━━━━━ DATA FOR PROCESSING

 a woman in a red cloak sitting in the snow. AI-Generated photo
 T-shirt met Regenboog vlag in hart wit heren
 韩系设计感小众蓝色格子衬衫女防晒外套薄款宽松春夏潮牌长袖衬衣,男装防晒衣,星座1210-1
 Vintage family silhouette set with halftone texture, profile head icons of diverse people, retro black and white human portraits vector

━━━━━━━━━━
━━━━━ DATA FOR PROCESSING

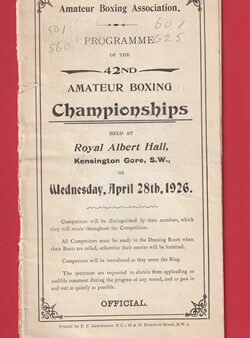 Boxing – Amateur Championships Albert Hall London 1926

━━━━━━━━━━
━━━━━ DATA FOR PROCESSING

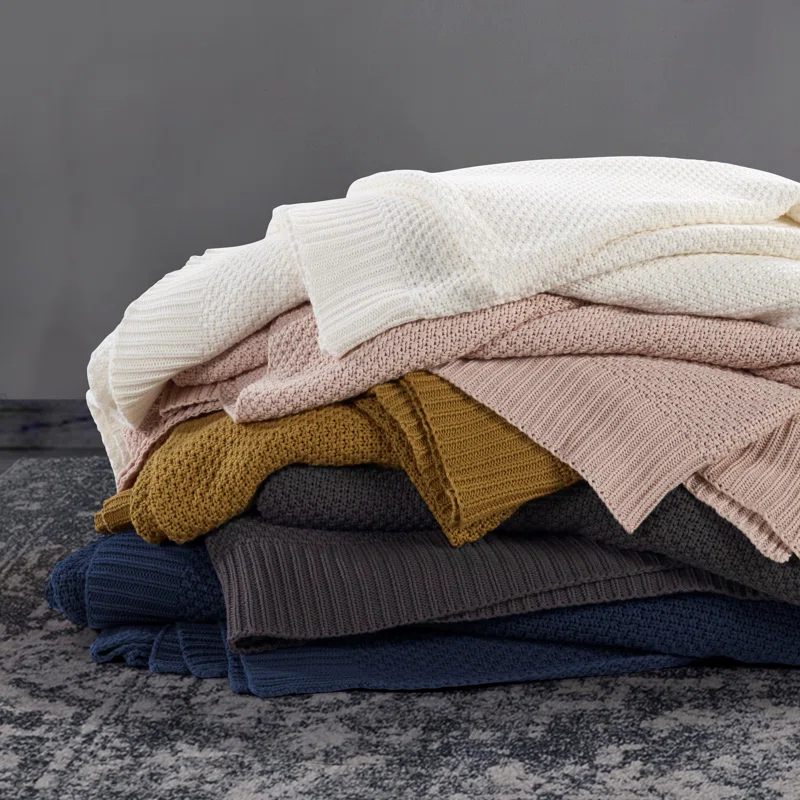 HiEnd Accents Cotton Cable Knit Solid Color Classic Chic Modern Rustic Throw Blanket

━━━━━━━━━━

Wherever the line holding "T-shirt met Regenboog vlag in hart wit heren" falls in the entries above, copy exactly from it through the line holding "Vintage family silhouette", inclusive, and add nothing.

SOLUTION FOR THIS TASK:
 T-shirt met Regenboog vlag in hart wit heren
 韩系设计感小众蓝色格子衬衫女防晒外套薄款宽松春夏潮牌长袖衬衣,男装防晒衣,星座1210-1
 Vintage family silhouette set with halftone texture, profile head icons of diverse people, retro black and white human portraits vector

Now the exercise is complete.